Work required
Beginning at the line that holds "CheckMate Game Box 3-in-1 spel CheckMate", transcribe each line exactly through the end of the records, and leave any pictures out.

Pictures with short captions
────────────────

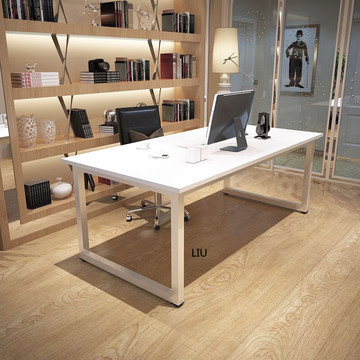 包邮简约现代烤漆钢木办公桌子双人桌电脑桌台式桌家用写字台书桌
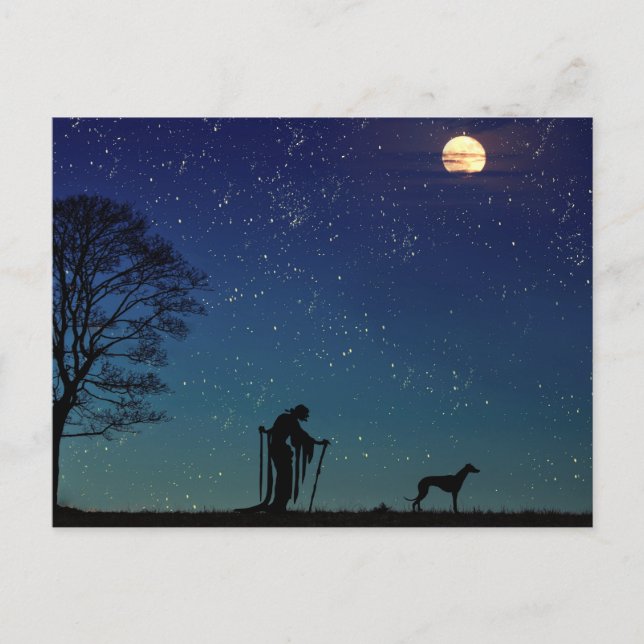 Spooky Halloween Postkarte (Vorderseite)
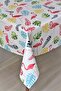 Lined Erasable PVC Oilcloth Tablecloth Flamingo - 8094-1 - 2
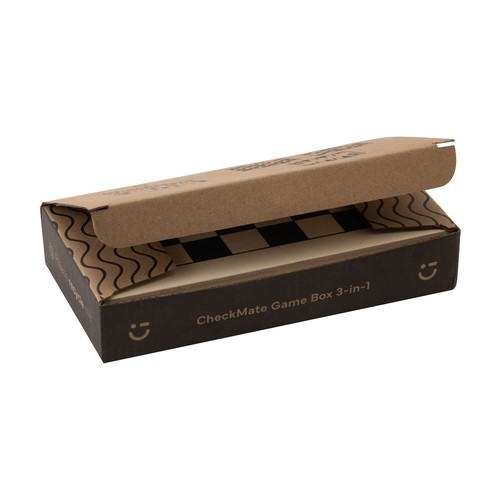 CheckMate Game Box 3-in-1 spel CheckMate Game Box 3-in-1 spel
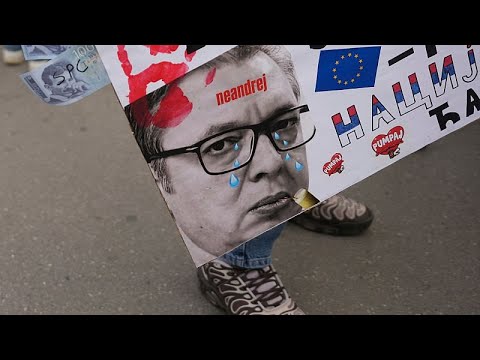 Video Thumbnail: Serbia marks six months since deadly collapse at Novi Sad railway station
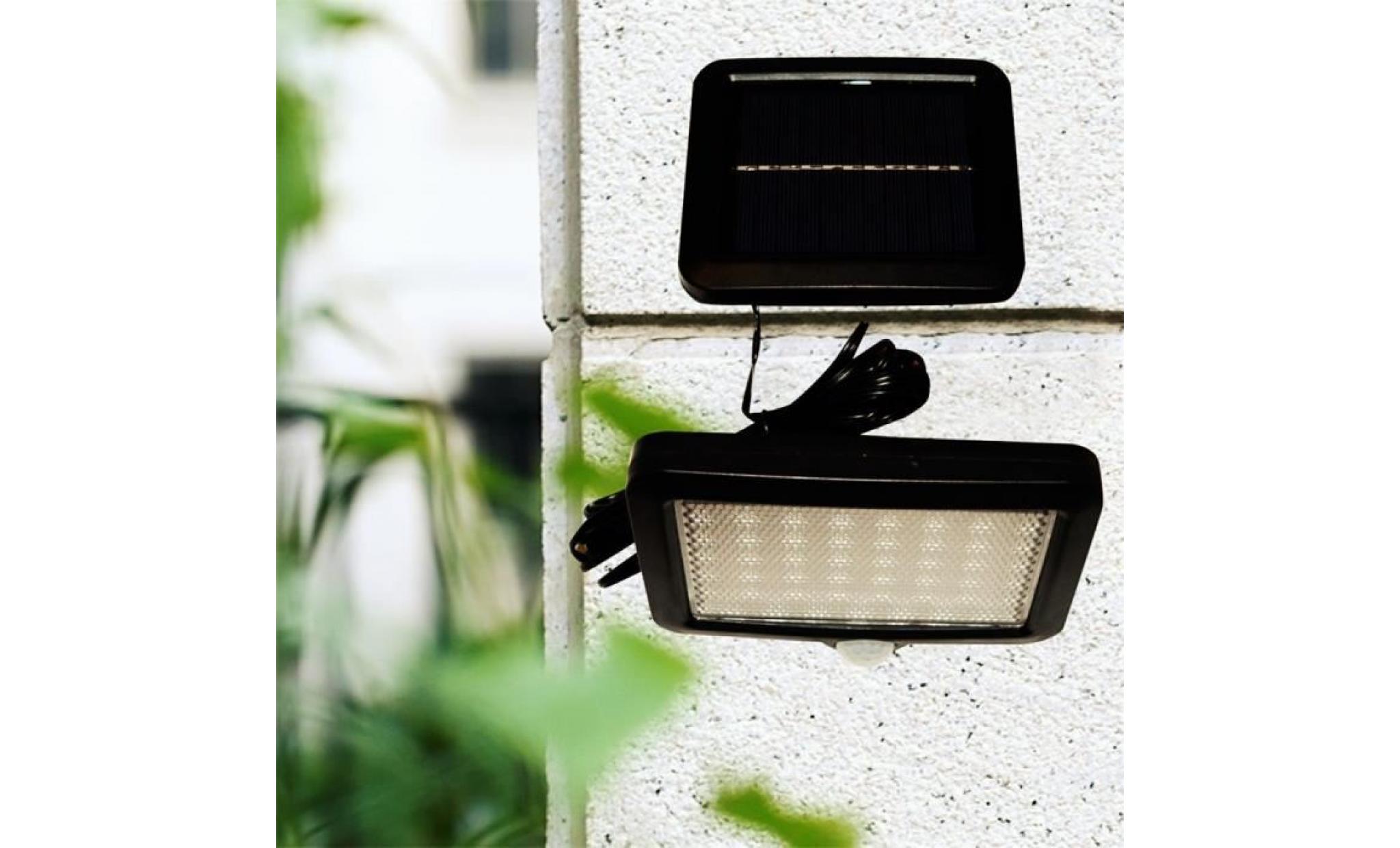 56led de plein air energie solaire lampe de detecteur de mouvement lampe de securite de jardin impermeable pas cher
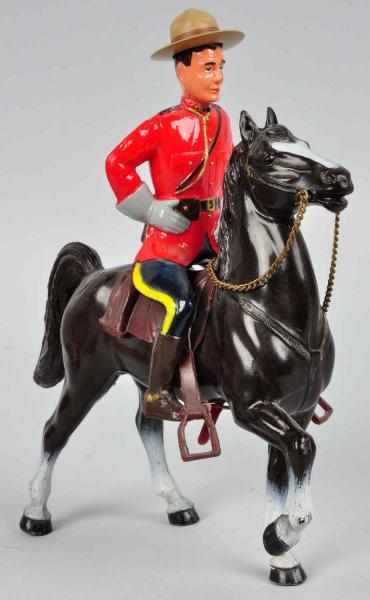 Appraisal: Hartland Sergeant Lance O'Rourke Prototype Description Set includes horse rider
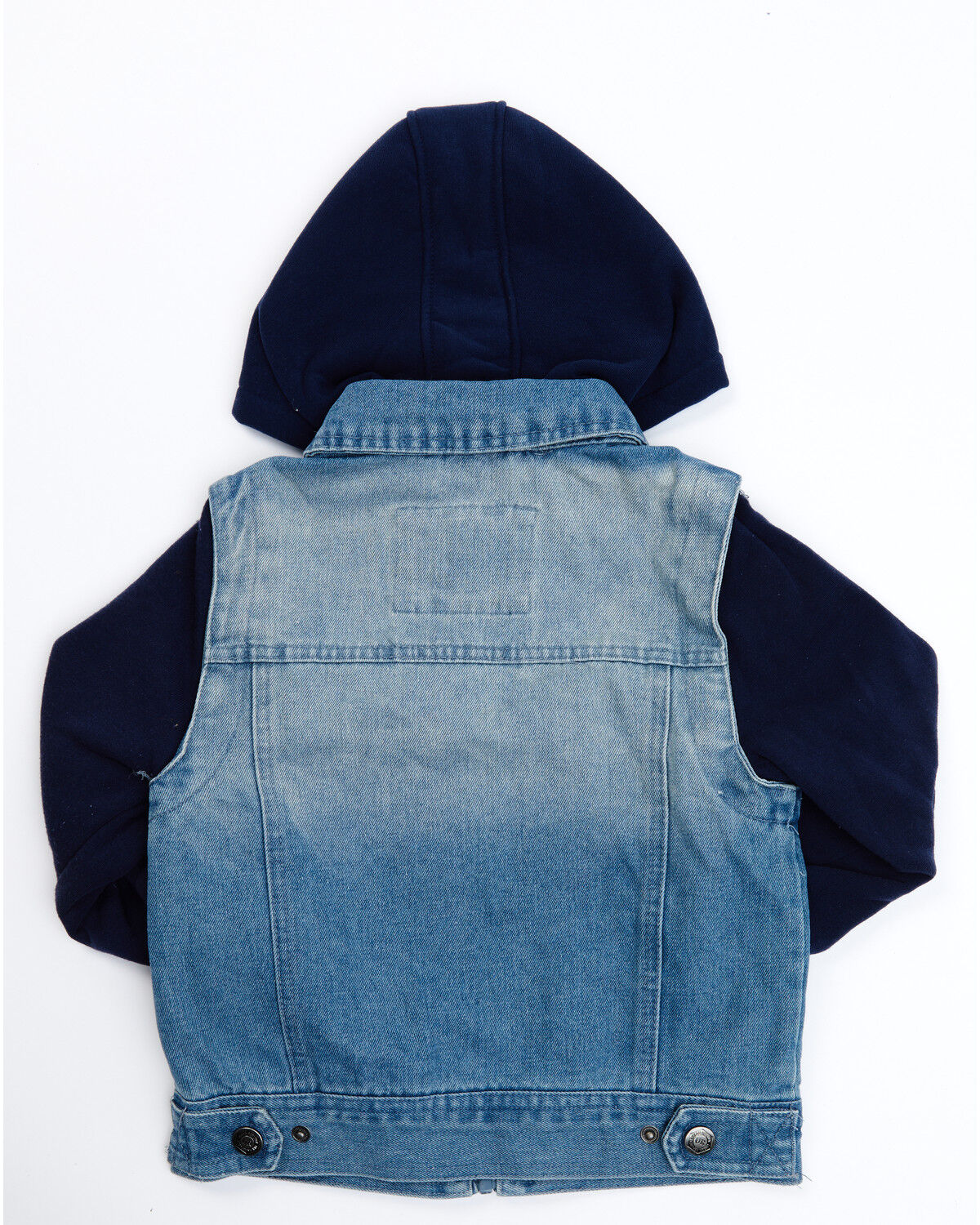 Image #5 - Urban Republic Boys' Denim Vest Layered Jacket, Navy, hi-res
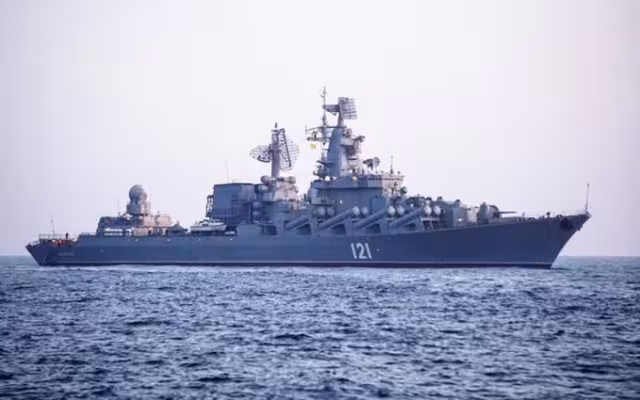 El Moskva era uno de los barcos de guerra rusos con mayor control en el mar Negro. Foto: AP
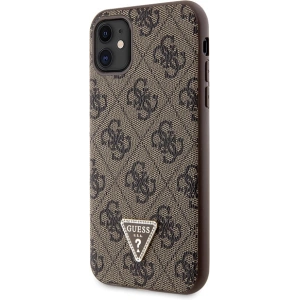 Hurtownia GSM - Etui Guess GUHCN61P4TDSCPW Apple iPhone 11/XR hardcase Crossbody 4G Metal Logo maroniu/brown - GUE2723 - {ean13} - Hurt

────────────────

Answer to this task
 CheckMate Game Box 3-in-1 spel CheckMate Game Box 3-in-1 spel
 Video Thumbnail: Serbia marks six months since deadly collapse at Novi Sad railway station
 56led de plein air energie solaire lampe de detecteur de mouvement lampe de securite de jardin impermeable pas cher
 Appraisal: Hartland Sergeant Lance O'Rourke Prototype Description Set includes horse rider
 Image #5 - Urban Republic Boys' Denim Vest Layered Jacket, Navy, hi-res
 El Moskva era uno de los barcos de guerra rusos con mayor control en el mar Negro. Foto: AP
 Hurtownia GSM - Etui Guess GUHCN61P4TDSCPW Apple iPhone 11/XR hardcase Crossbody 4G Metal Logo maroniu/brown - GUE2723 - {ean13} - Hurt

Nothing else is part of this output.